GC : Avec ACAB je travaille sur la surveillance et les caméras de surveillance qui est une thématique récurrente importante. Quand j’ai réalisé le tag ACAB je savais que j’allais être filmé par les caméras de surveillance, sur mon trajet j’ai été filmé par plusieurs caméras. Par exemple, pour mettre ma tenue du tag, je me suis habillé dans un centre de lavage Éléphant Bleu volontairement parce que je savais que j’avais besoin d’être filmé. Là je travaille sur des procédures administratives et comme le droit me le permet, je peux détruire ou récupérer ou consulter ces vues par les caméras. Mais je souhaite jouir de mes droits et on se rend compte rapidement que c’est presque impossible d’utiliser mes droits. Eux ont le droit de nous filmer mais nous, nous n’avons pas le droit d’avoir ces images. Actuellement je suis en procédure pour faire valoir mes droits sur les séquences où j’ai été filmé par les caméras de l’éléphant Bleu et celles de la ville de Nancy. J’ai suivi à la lettre chaque procédure mais pour l’instant je n’ai pas accès à ces films et à mes images.

RDP : ACAB est toujours en cours ? A quel moment la perturbation prend fin ?
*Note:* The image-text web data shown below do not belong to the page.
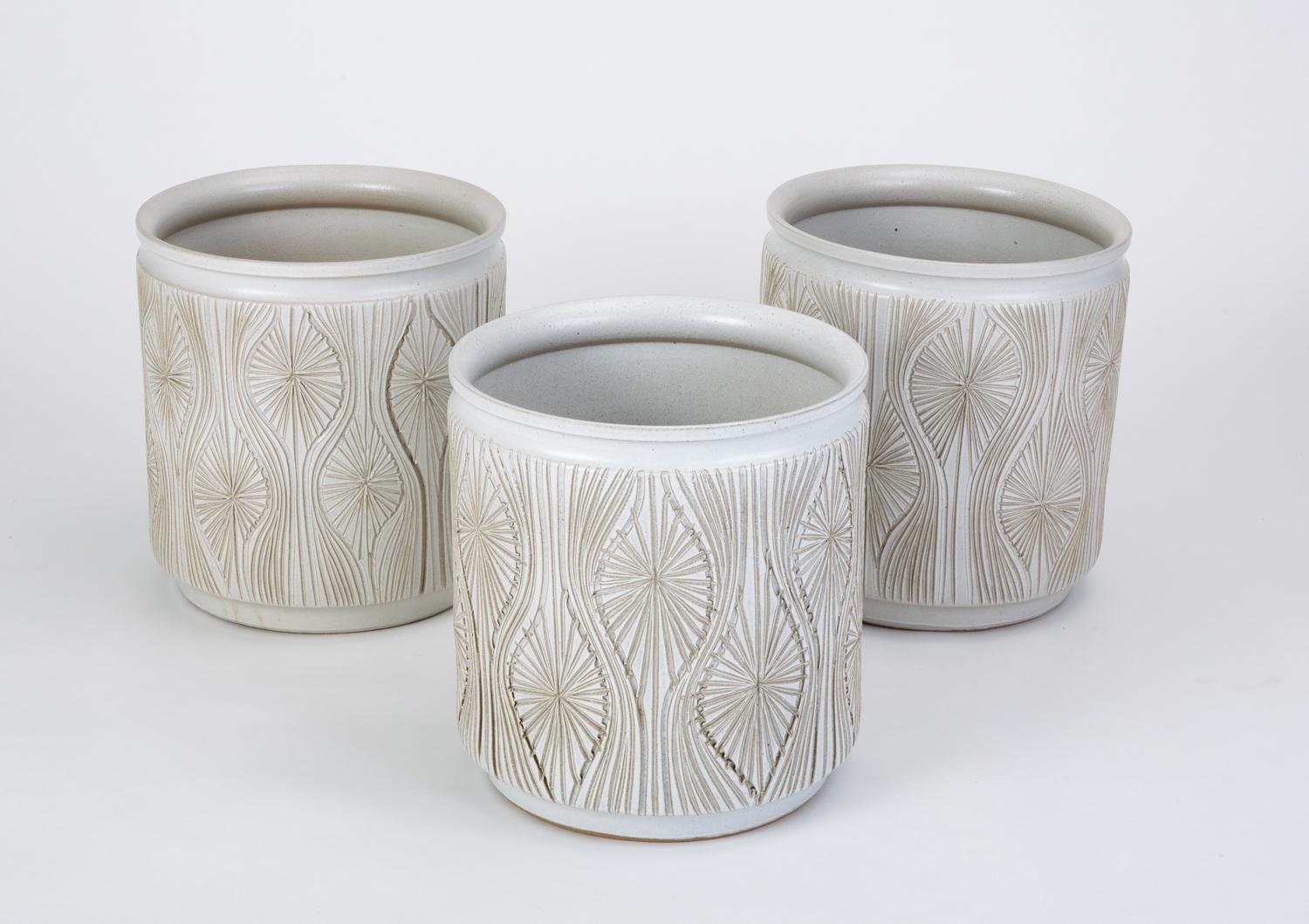 A tall, cylindrical planter from Robert Maxwell and David Cressey’s 1970s collaboration, Earthgender. This example has a slender lip, an allover incised pattern called ‘Teardrop Sunburst’ by the studio and is glazed white. We have three planters
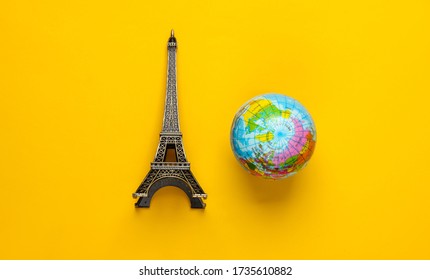 Minimalism Travel Still Life. Figurine Of The Eiffel Tower, Globe On A Yellow Background. Top View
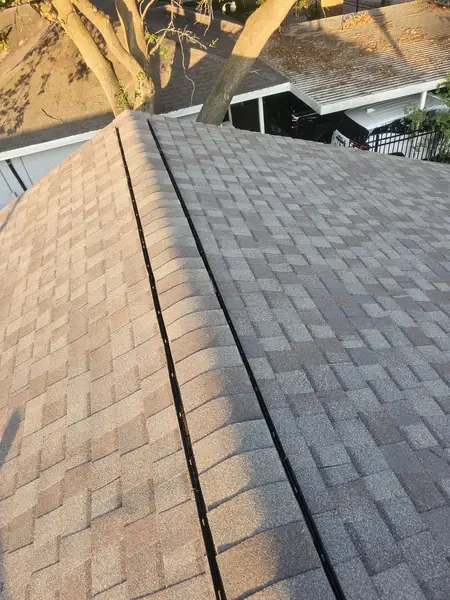 Driftwood laminate roof on a one-story Northside Houston home in 77022
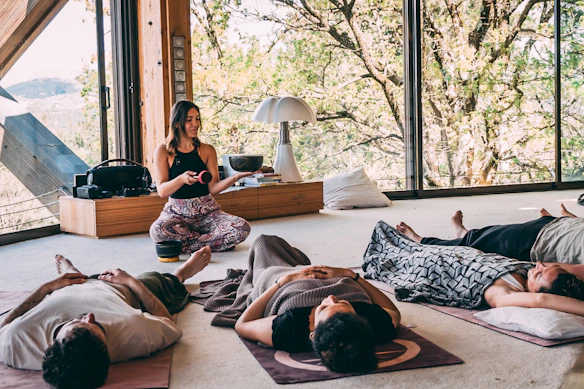 Instructor leading a group meditation class in a natural setting.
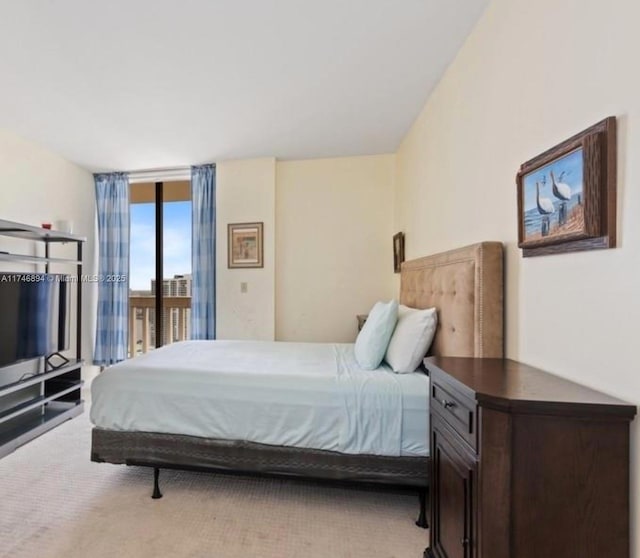 bedroom with access to outside, a wall of windows, and light colored carpet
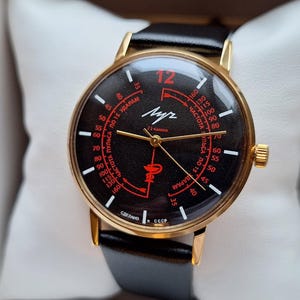 May include: A vintage gold-toned wristwatch with a black face and a black leather band. The watch face features red accents and the number 12 in red. The watch is presented in a black box with a white pillow.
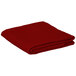 A folded red Intedge square table cover on a white background.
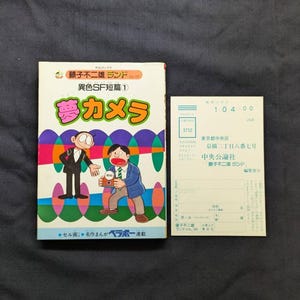 May include: A vintage Japanese comic book titled "Yume Kamera" with colorful illustrations of cartoon characters. The cover features Japanese text and a small white card with more text.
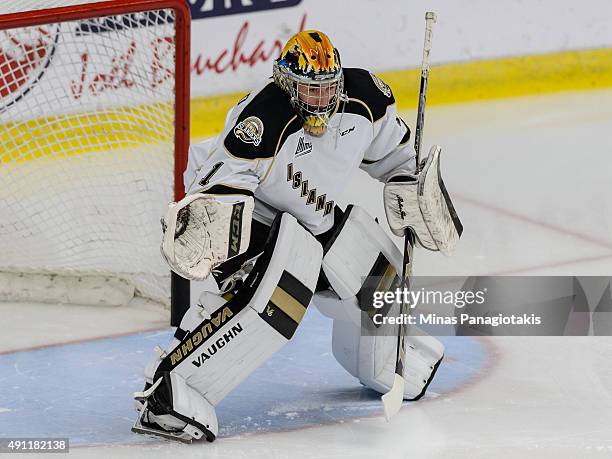 Mason McDonald of the Charlottetown Islanders remains focused during the warmup period prior to the QMJHL game against the Blainville-Boisbriand...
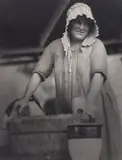 Doris Ulmann, Mountain woman washing cream pot, Sylva, N.C., 1924, photograph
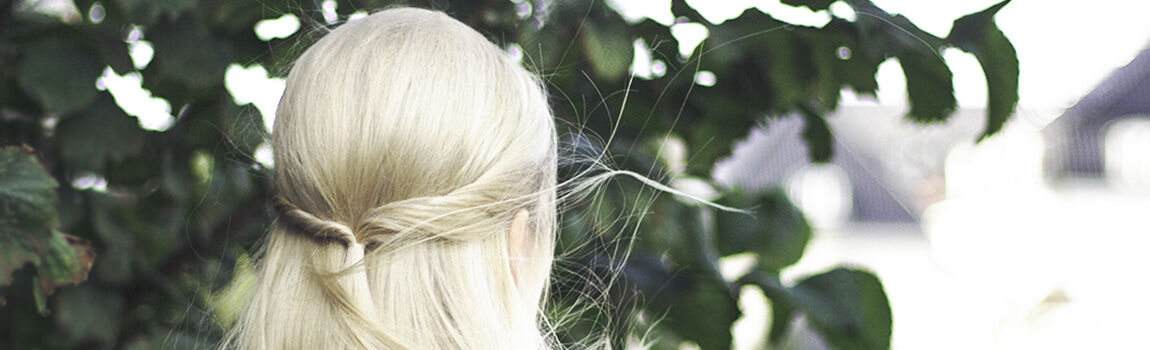 A person with long, light blonde hair styled in a half-up hairstyle, standing with their back to the camera in front of green foliage.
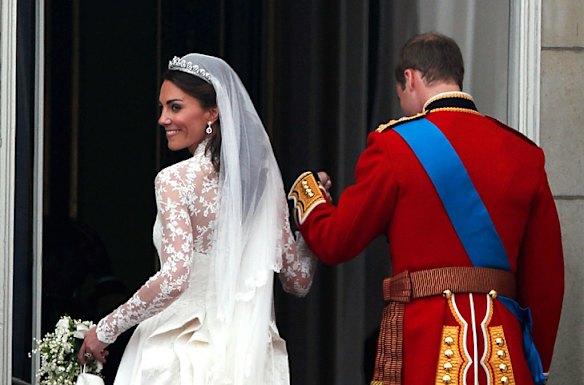 Catherine, Duchess of Cambridge looks back as Prince William, Duke of Cambridge takes her from the balcony at Buckingham Palace.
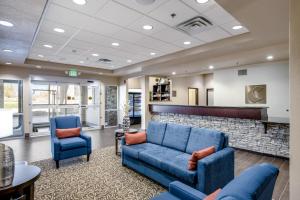 a lobby with two blue couches and a fireplace at Comfort Inn Bonner Springs Kansas City in Bonner Springs
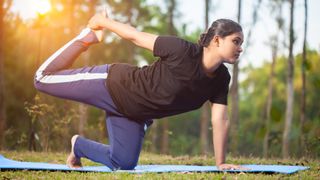 A woman holding the Tiger pose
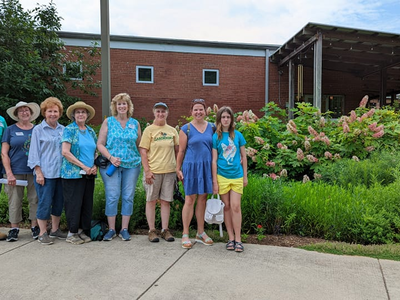 Group of nine people standing on a sidewalk in front of a brick building and garden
GC : ACAB a commencé le 25 janvier 2024 et est en cours, cela va durer longtemps, nous travaillons sur des longues temporalités surtout que la perturbation mêle vie et art. Il peut y avoir de nombreux protagonistes, interlocuteurs, des nombreux rebondissements. Une perturbation peut durer plusieurs années voire une vie entière.

RDP : Est-ce que d’autres personnes peuvent participer aux actions du CDRAO ?

GC : Le but du jeu c’est développer le tag invisuel. On sait que c’est une matière artistique qui est encore à développer. Nous on va avoir des idées à l’avenir mais si d’autres personnes, artistes ou pas, ont la possibilité développer le tag invisuel, au contraire, c’est désiré et libre de droits.